The New York Giants left for San Francisco in 1957 and have been the San Francisco Giants ever since. Nevertheless, the football team is still officially named the New York Football Giants, even though they’ve been the only Giants in town for decades now.

Founded in 1925 by bookmaker Tim Mara, the Giants were important in the early years of the NFL because having a New York franchise was considered essential. Mara, along with other prominent owners such as Chicago’s George Halas, helped guide the NFL through tough times in its early decades and he saw his team win four NFL Championships between 1927 and 1956.

A 30-year fallow period followed but the Giants became a force again in the 1980s, led by head coach Bill Parcells, who won two Super Bowls in five seasons wih the help of a defense coached by Bill Belichick and starring Lawrence Taylor and Carl Banks.

In 2007 and 2011, the Giants handed Belichick his first two Super Bowl defeats as Eli Manning became one of only five players to win the Super Bowl MVP award more than once. At the time of writing, the Giants are in a slump but they remain one of the NFL’s great franchises. Here are five recommended books for anyone who wants to know more about the team.

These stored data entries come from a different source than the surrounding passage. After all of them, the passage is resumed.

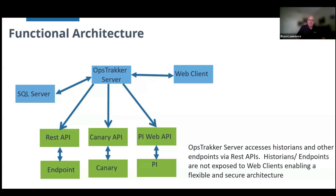In this case, we're going to demo the PI Web API communication. It can write directly into the PI Server, either to tags or to AF attributes.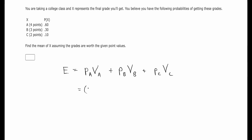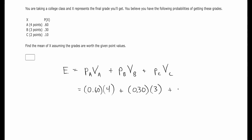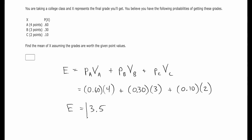So you just put in 0.60 for an A, and then you get four points for an A, so multiply by four. You'll have a probability of 30% for a B, and you get three points for a B. Then you'll use 0.1 times two points for a C. So I'm getting 3.5, and that is going to be the mean that it's looking for.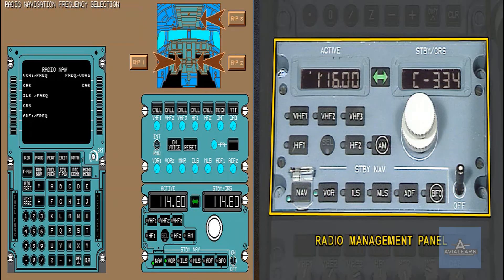You have completed the VOR1 selection. Now, let's perform an ADF1 tuning using RMP.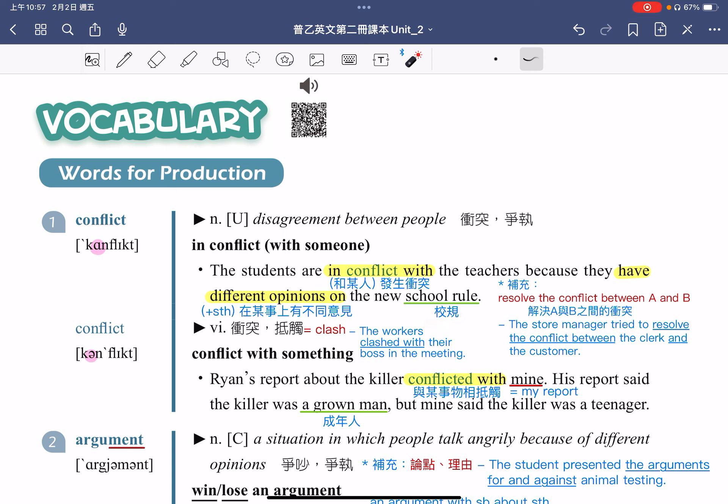发生了冲突、争执之后，更重要的是想办法解决冲突。如果要说解决 A 跟 B 之间的冲突，搭配的动词使用的是 resolve。可以使用 resolve the conflict between A and B。例句：The store manager tried to resolve the conflict between the clerk and the customer，这个店经理试着要解决店员跟顾客之间的冲突。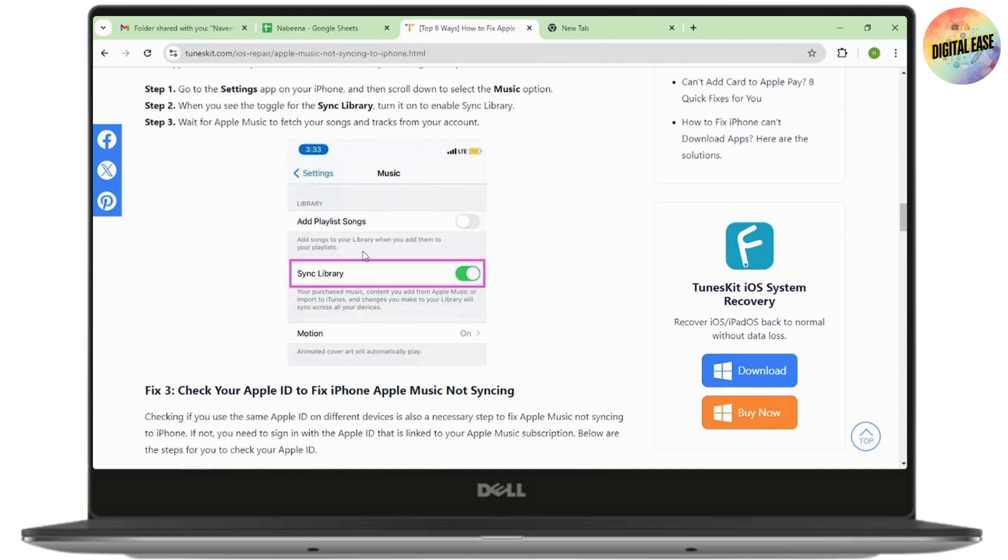Once you go to the music option, you will have a sync library option. Simply toggle it on and enable your sync music. Once you've done that, your problem will be fixed.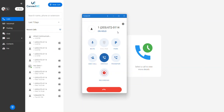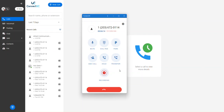To pick the call back up, simply press the unhold button. Hold differs from park because only the person placing the call on hold can pick the call back up, where park is used for the organization. Hope this helps. Thank you.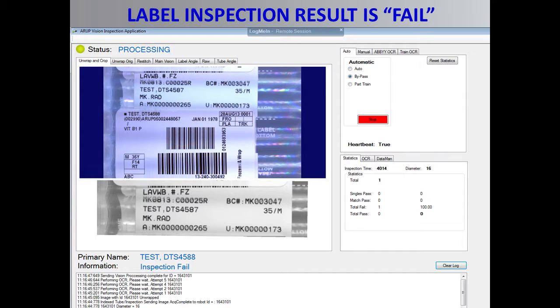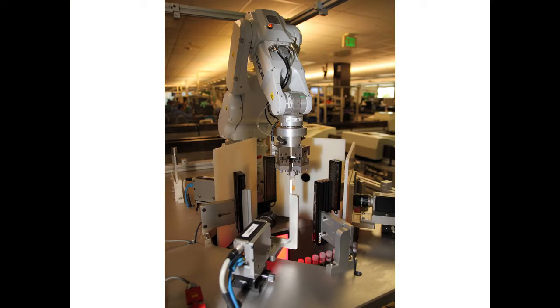The OCR system can also rotate the image by 180 degrees when the labels are oriented in that direction.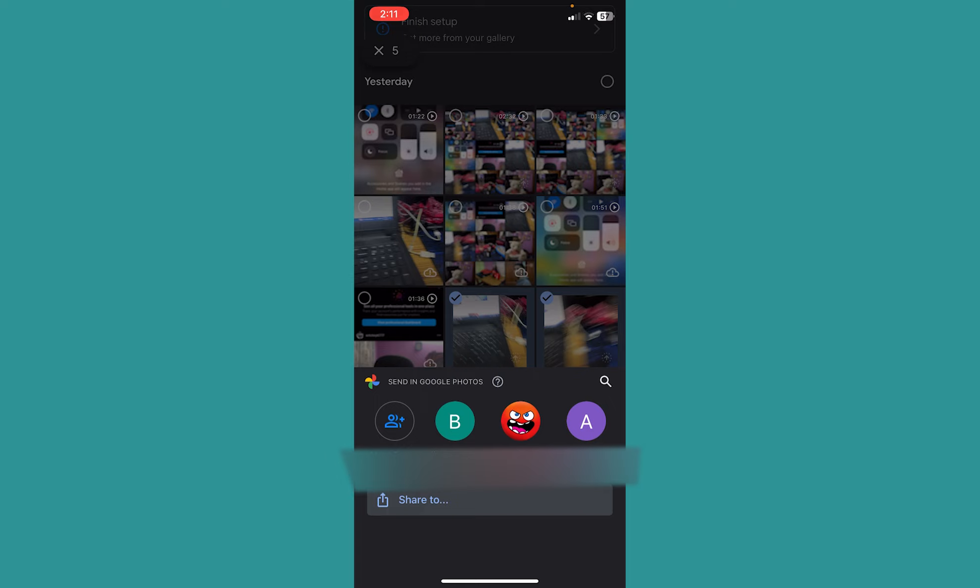Now what you want to do is swipe right until you see this option over here. Once you swipe all the way to the right, it's going to show you this option called More. Click on More.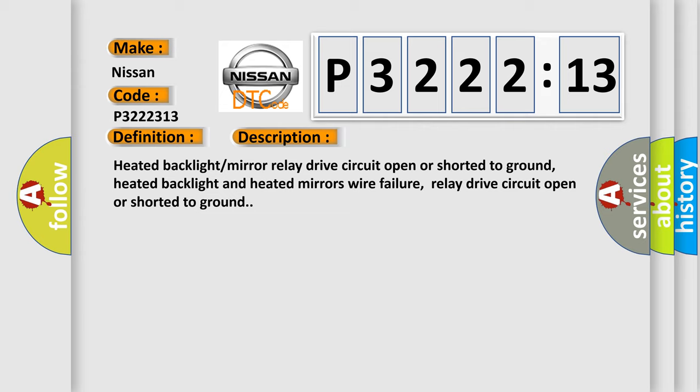Heated backlight mirror relay drive circuit open or shorted to ground. Heated backlight and heated mirrors wire failure, relay drive circuit open or shorted to ground.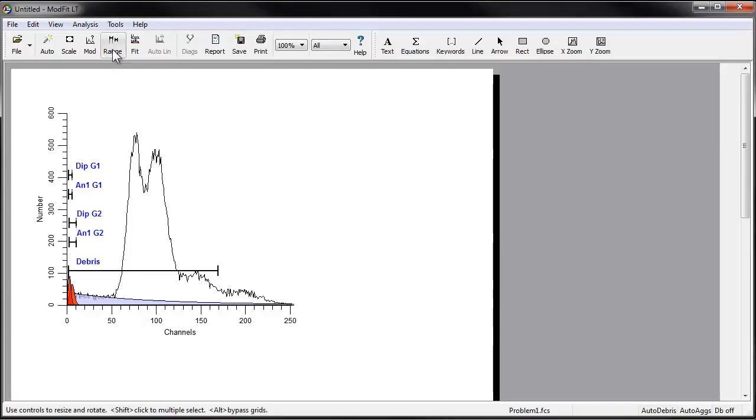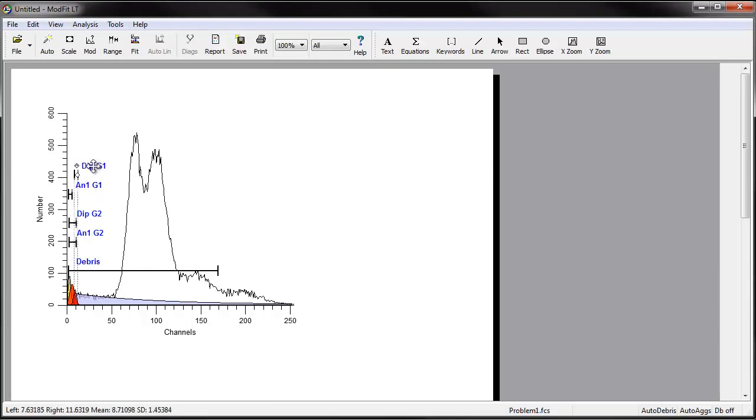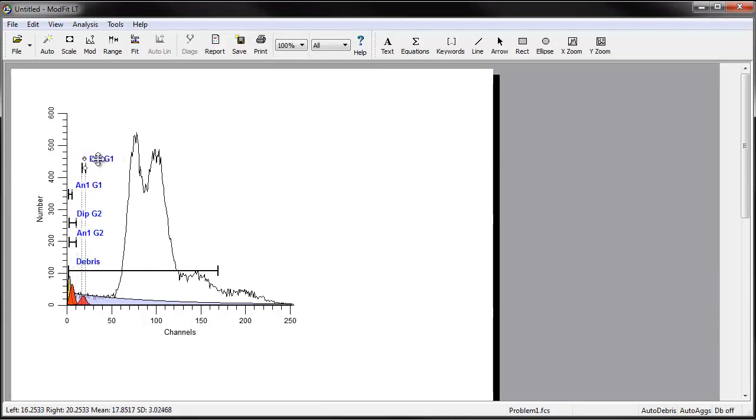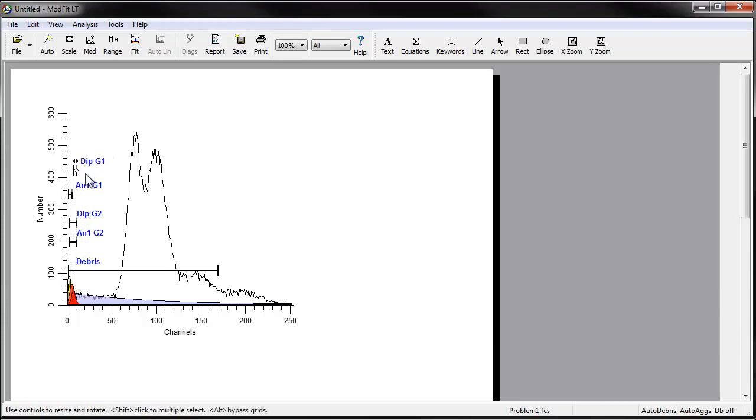In the Range view, you can position ranges over the peaks in the sample. You move a range by clicking on the range label and dragging it to a new location with the mouse button down. When finished, you release the mouse button. To adjust the width of a range, click the black handles and drag to choose a new size.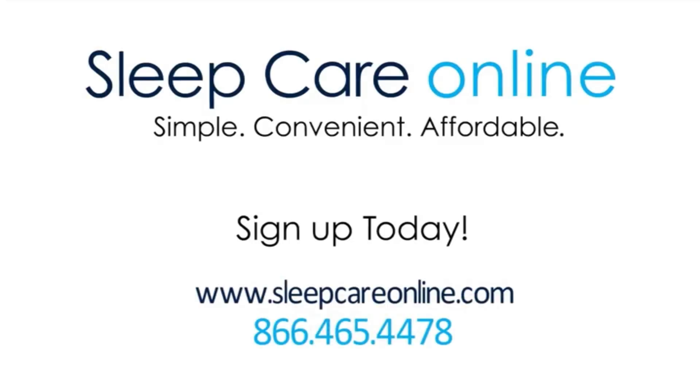I'm Andrew, and as always, thanks for watching.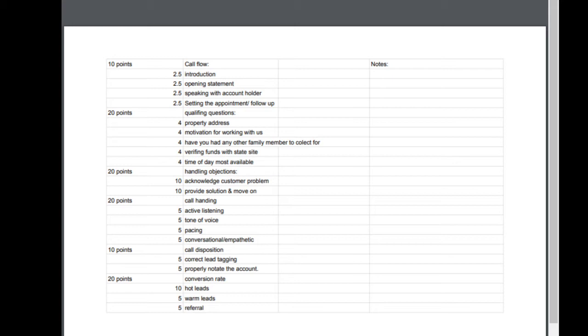I'm just gonna do a quick little overview with everybody. This is just our point system, it equals up to a hundred points total. The very first section is the call flow: the introduction, that's 2.5 points—and all these are 2.5 points—the opening statement, speaking with the account holder, just verifying 'hey, just want to make sure that you lived at 123 Sunshine Avenue, is this John Smith?'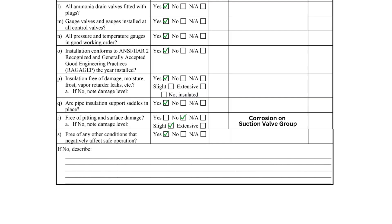Item S serves as a catch-all for other concerns that the inspector may have observed. The area below can be used to write a description of the deficiencies. This concludes the IIAR 6 Appendix B Annual Inspection Checklist for piping. We have more videos on our channel about ammonia refrigeration and process safety management. Feel free to check them out if you're interested.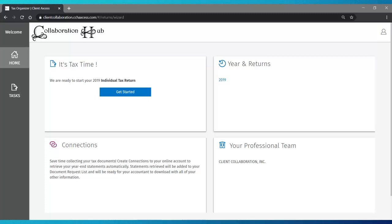Your Task List is a simplified list of items you need to complete for us to start your return. Come back to your Task List to move to the next step. We'll help keep you on track.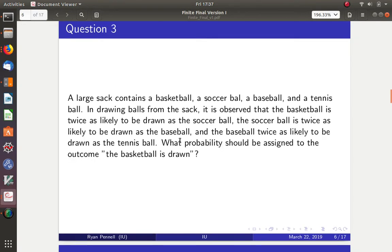Question 3: A large sack contains a basketball, a soccer ball, a baseball, and a tennis ball. The basketball is twice as likely to be drawn as the soccer ball; the soccer ball is twice as likely as the baseball; and the baseball is twice as likely as the tennis ball. What probability should be assigned to the outcome that the basketball is drawn?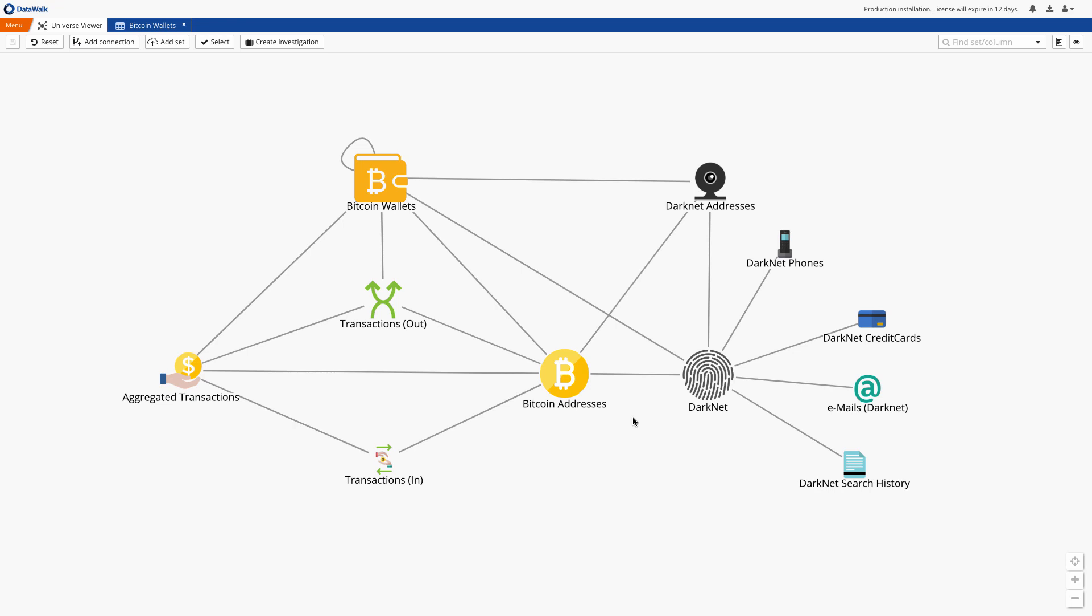In this demonstration we will attempt to investigate Bitcoin transactions to identify specific wallets and corresponding owners based on information from the Bitcoin blockchain, open source data for cryptocurrencies, and the darknet.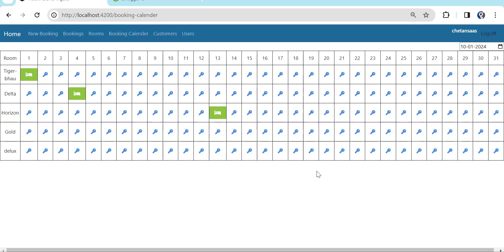In the last episode we saw how to show the booking calendar on a single page where you can see all the rooms — which room is booked and which is available. Now we move on to the next and final part.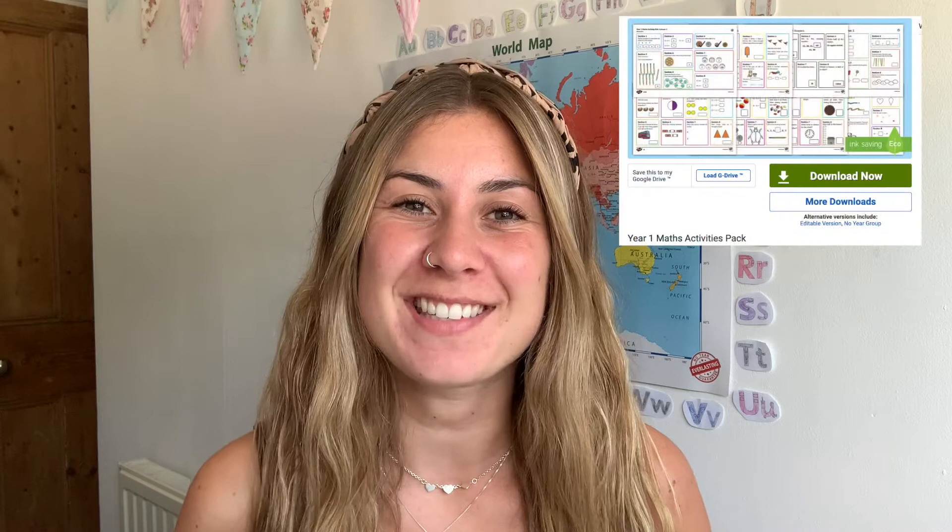Hi, I'm Georgina from Twinkle and today we're going to be looking at this fabulous year one maths activity pack resource that you can find on our website.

1Lombardi and Landry (2012) by Ernie Palladino

Vince Lombardi and Tom Landry are synonymous with the Green Bay Packers and the Dallas Cowboys, respectively. But before they made their names as head coaches, the pair were assistant coaches with the Giants during the 1950s, helping to build the team to its 1956 NFL Championship. Palladino chronicles those years and looks at how they shaped two of football’s greatest coaches.
Buy the book: Amazon US

2No Medals For Trying (1990) by Jerry Izenberg

This book puts a different spin on the familiar ‘inside-the-team’ schtick, with Izenberg spending a week with the 1989 New York Giants as they try to bounce back from a road loss to the San Francisco 49ers and prepare to host division rivals, the Philadelphia Eagles. Full of characters, from Bill Parcells to Lawrence Taylor and plenty more, this benefits from an even greater level of detail than books that cover a whole season. The absorbing story plays out hour-by-hour. It’s out of print but secondhand copies are pretty easy to find.
Full review

3Super Bowl Monday (2011) by Adam Lazarus

It’s easy to forget now, but 1991’s Super Bowl XXV was cast into doubt by the unfolding war in Iraq. Adam Lazarus looks back at a title game that some argued should not have been played at all but which eventually went ahead under heightened security. The Giants won the game narrowly, taking their second Super Bowl title in what became known as a classic win over the Buffalo Bills – in large part because of Belichick’s bold game plan. For troops watching in the Gulf, the time difference meant that the action unfolded on Super Bowl Monday.

4Parcells: A Football Life (2014) by Bill Parcells and Nunyo Demasio

Bill Parcells has always done things his own way, so it’s no surprise that he would co-write his own biography. Written in third person and supplemented by more than a hundred interviews by Demasio, Parcells: A Football Life examines the Hall of Fame head coach’s six-decade career. As you would expect, a significant chunk of the book deals with Parcells’ time in charge of the Giants, competing against coaching legends such as Bill Walsh in San Francisco and Joe Gibbs in Washington.
Buy the book: Amazon US // Amazon UK

5The GM (2008) by Tom Callahan

Though the Giants lost their only Super Bowl appearance with Ernie Accorsi as general manager – falling to the Ravens in 2001 – the veteran football executive arguably assembled the team that won the Super Bowl in 2008. Indeed, if you pick up the second edition of this book, it closes with a chapter on that Super Bowl, making author Tom Callahan’s view on the subject clear. Though the book spends some time on Accorsi’s time as GM of the Baltimore Colts and in a similar role with the Cleveland Browns, overwhelmingly this is a book about the Giants and offers a valuable insight for fans.